Is it possible to "produce" a non-real number without the square root operation? I am trying to prove that various expressions are real valued functions. Is it possible to state that, because no square roots (or variants such as quartic roots etc) are in that function, it is a real valued function?
 A: "Function" is such an incredibly broad notion that it is wholly implausible to give a general answer to this sort of question that isn't something trivial like "Applying a real-valued function always gives a real number".
More meaningful questions need to restrict the scope; for example, one might ask what sort of numbers you can produce by plugging real numbers into the operations of addition, subtraction, multiplication, and division. (where by those words I refer to the usual arithmetic operations) (and, of course, I mean that you only plug in numbers that are in the domain of the operation)
And, in fact, you can only get real numbers by doing so.
Incidentally, assuming they satisfy the "usual laws of arithmetic" (i.e. the field axioms), the sorts of functions you can produce by using these four arithmetic operations, are called rational functions.

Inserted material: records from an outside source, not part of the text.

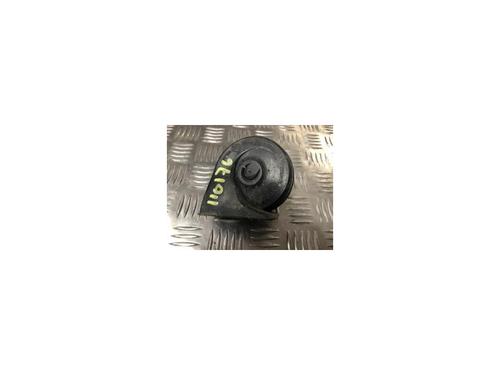 Horn NISSAN PRIMASTAR Van (X83) 2.0 dCi 115 (114 hp) 26328097
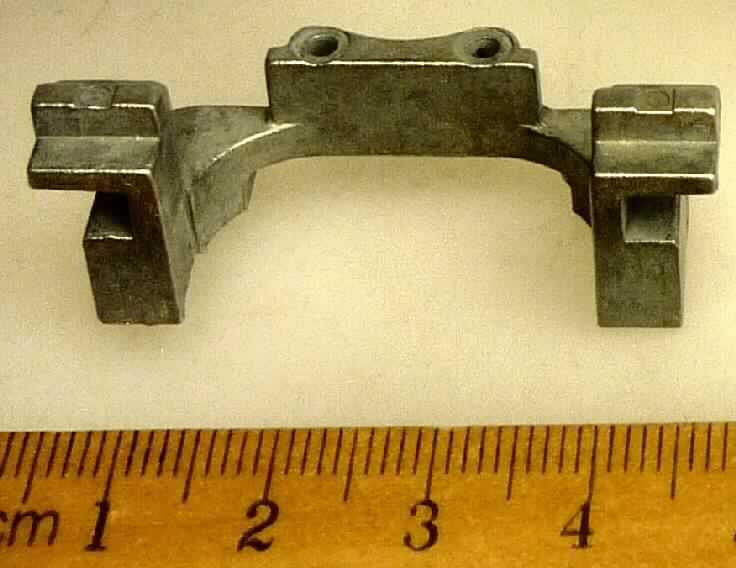 Es handelt sich um nahezu u-förmige Erzeugnisse (L x B: etwa 4,3 cm x 1,2 cm) aus Zinkdruckguss, die mit für ihre Verwendung spezifischen Ausformungen und Lochungen ausgestattet sind und an einer Seite halbkreisförmig gearbeitet sind.
Die Erzeugnisse werden als sogenannte Magnetkern- Führrhungsstücke für elektronische Tresorschlösser (nicht Gegenstand der vZTA) verwendet.
-Antragstellerangaben-

Abbildung siehe Anlage.

Derartige Erzeugnisse gehören als "Teile aus unedlen Metallen für Schlösser (elektrisch) aus unedlen Metallen" zur Codenummer 8301 6000 00 0 des Zolltarifs.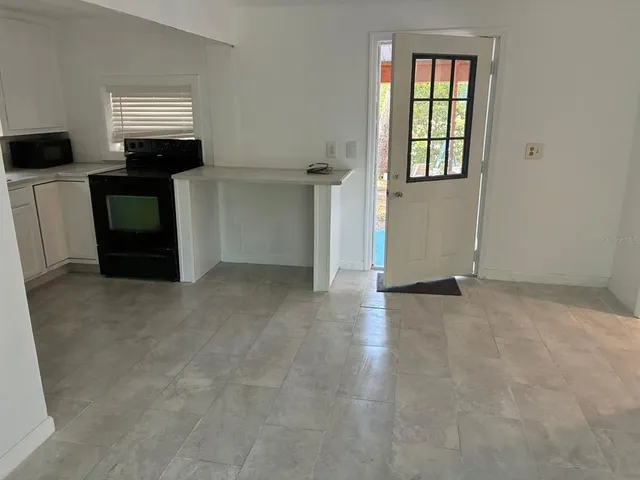 $1,200 | 106 Penna Avenue, Pomona Park, FL 32181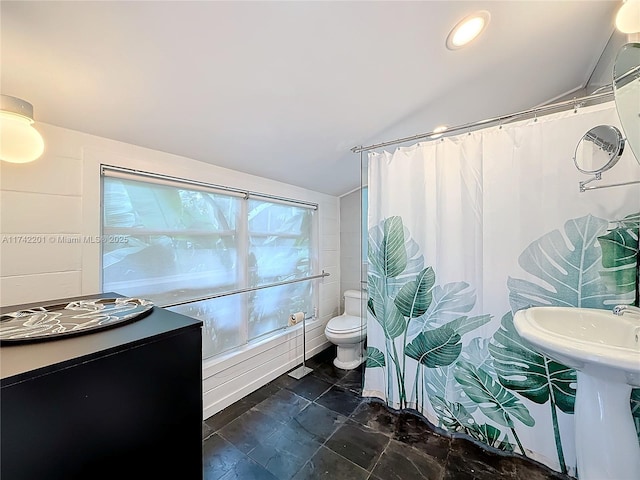 full bath featuring toilet, curtained shower, and vaulted ceiling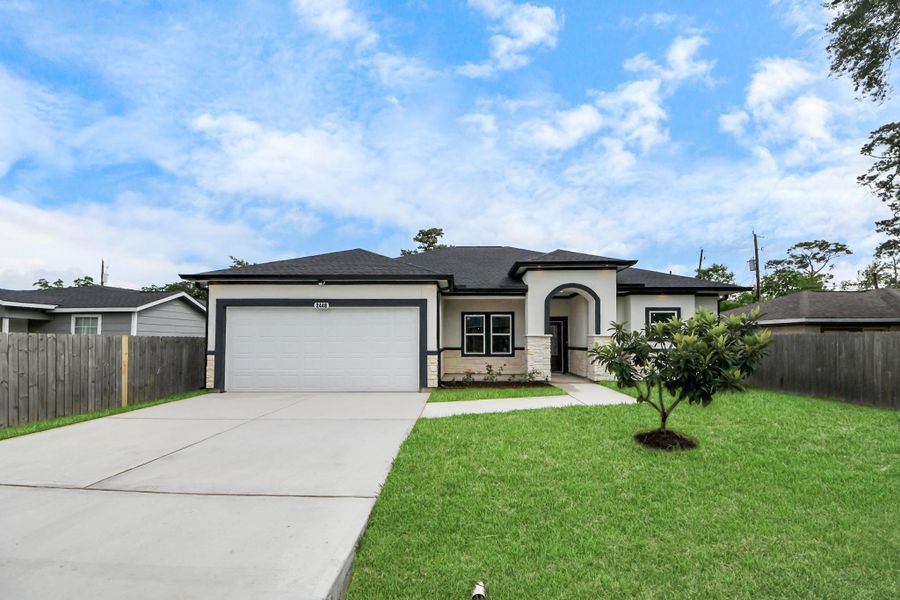 Front exterior of a new home in , Houston, TX, highlighting curb appeal (Image 25). Front exterior of a new home in , Houston, TX, highlighting curb appeal (Image 25).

That said, depending on the fine details of exactly what you mean by your question, this particular fact might be just another trivial one, of the form "applying a real-valued function always gives a real number".
This question is more interesting when you ask questions like "what values can I get from rational functions if I only start with rational numbers and $\sqrt{2}$?" (answer: the numbers that can be written in the form $a + b \sqrt{2}$, where $a,b$ are rational numbers)
A: Well, $\sin^{-1} 2 = 1.570796327-1.316957897i$ (for a usual branch.)  I don't know if this counts as using square root.  The series for $\sin^{-1}x$ is found by integrating the series for $1/\sqrt{1-x^2},$ so there's a square root floating around.